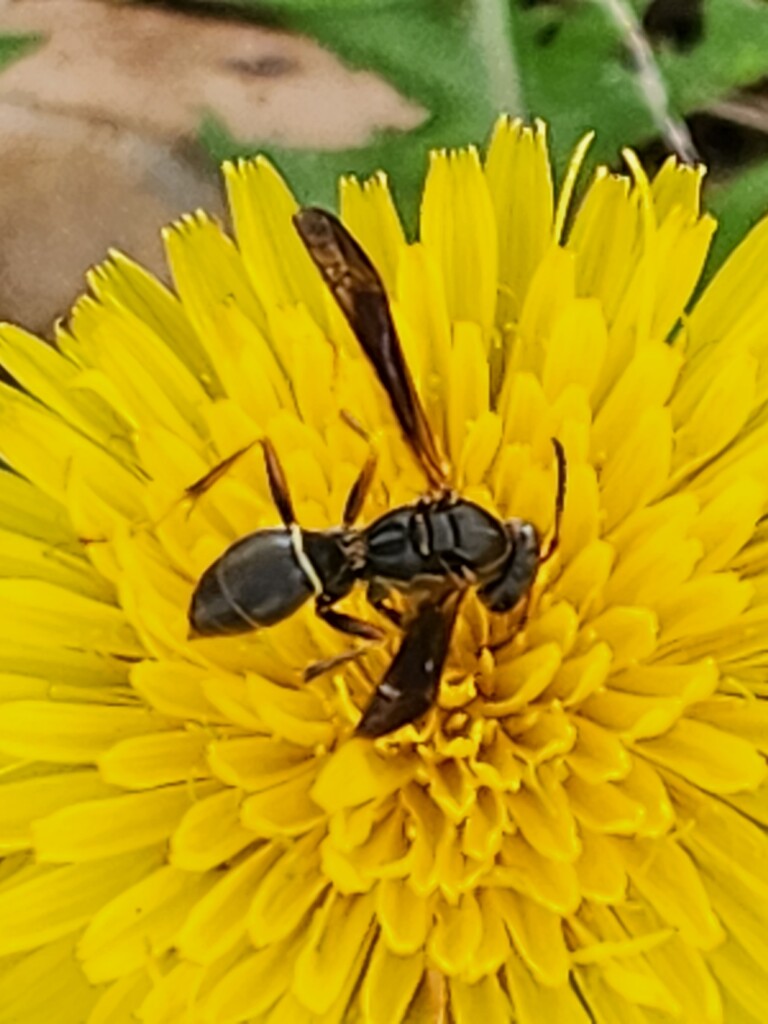 Paper Wasp on Dandelion  by green_eyes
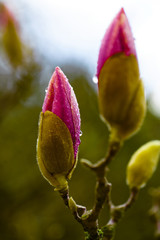 Magnolia flower buds with water drops. Close up of pink blossoms on tree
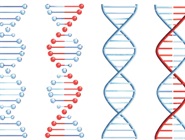 Tips and Tricks for Successful RNA-seq Library Preparation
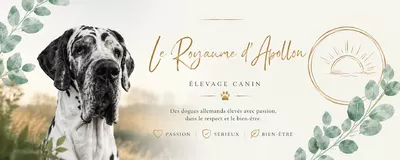 Élevage Du Royaume d'Apollon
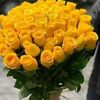 user8503281135464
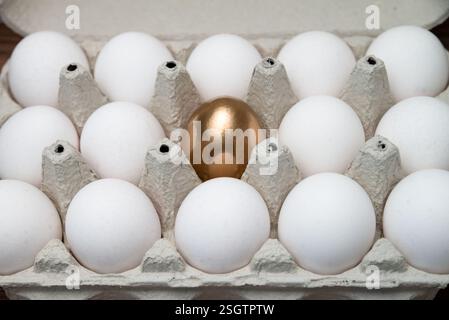 Box of eggs with a golden egg in the middle. Stock Photo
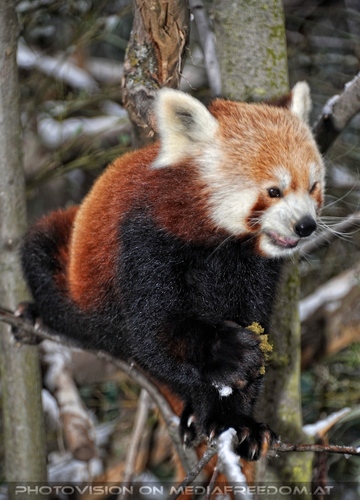 Rote Panda F�tterung 05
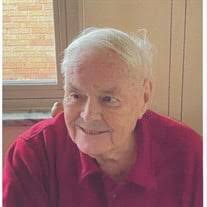 Alan Roy Milner Obituary (2024)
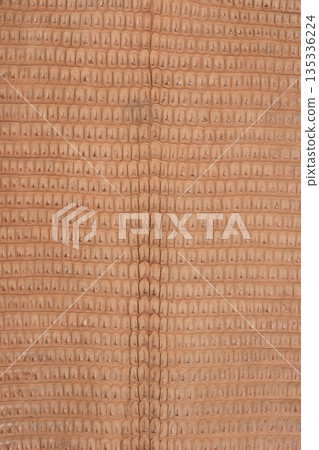 Lizard Skin Leather Texture Lizard Skin Leather Texture 135336224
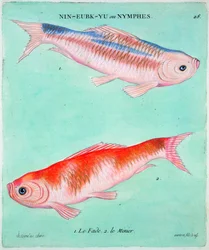 Chinesische Goldfische, 18. Jahrhundert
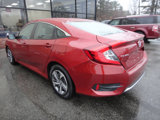Used 2020 Honda Civic LX image 6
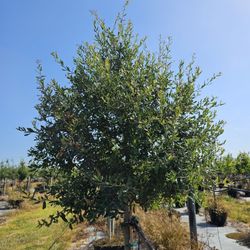 30 Gallon Live Oak Trees Planted and Delivered (Arbol Live Oak 30 galones sembrado y entrego $360)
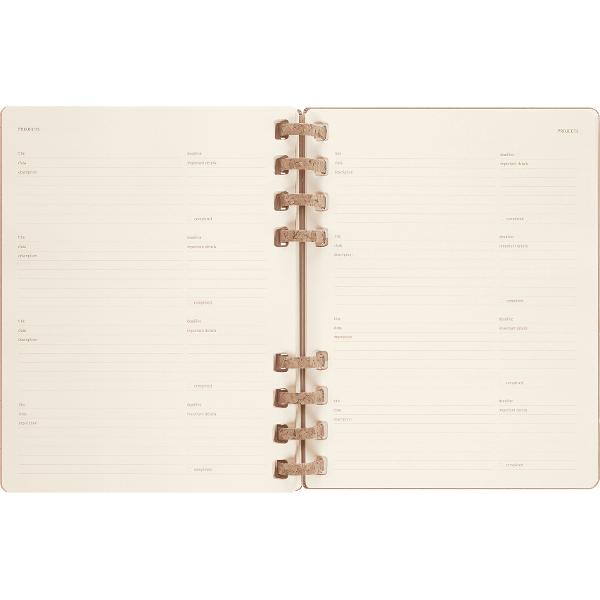 Agenda 2023-2024: Academic planner almond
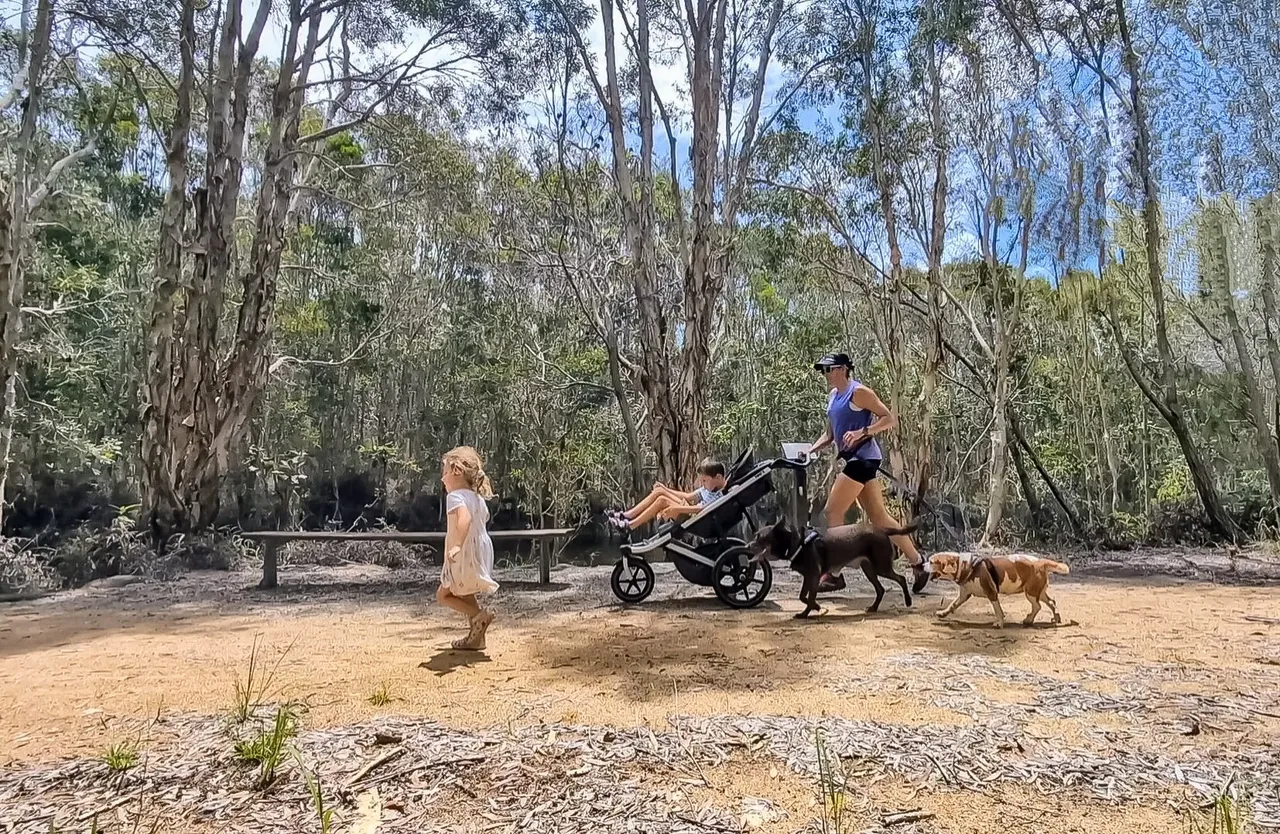 Lamerough Creekside Walk, Pelican Waters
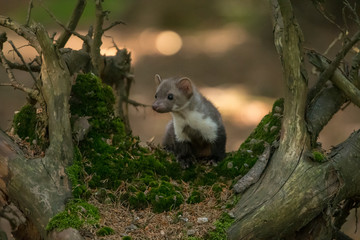 Obraz premium Stone marten, Martes foina, with clear green background. Detail portrait of forest animal. Small predator sitting on the beautiful green mossy tree trunk in the forest.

ASSIGNMENT.
Copy the lines above between the one holding "Tips and Tricks" and the one holding "Used 2020 Honda Civic LX image 6", inclusive. Drop the pictures.

TASK RESULT.
 Tips and Tricks for Successful RNA-seq Library Preparation
 Élevage Du Royaume d'Apollon
 user8503281135464
 Box of eggs with a golden egg in the middle. Stock Photo
 Rote Panda F�tterung 05
 Alan Roy Milner Obituary (2024)
 Lizard Skin Leather Texture Lizard Skin Leather Texture 135336224
 Chinesische Goldfische, 18. Jahrhundert
Used 2020 Honda Civic LX image 6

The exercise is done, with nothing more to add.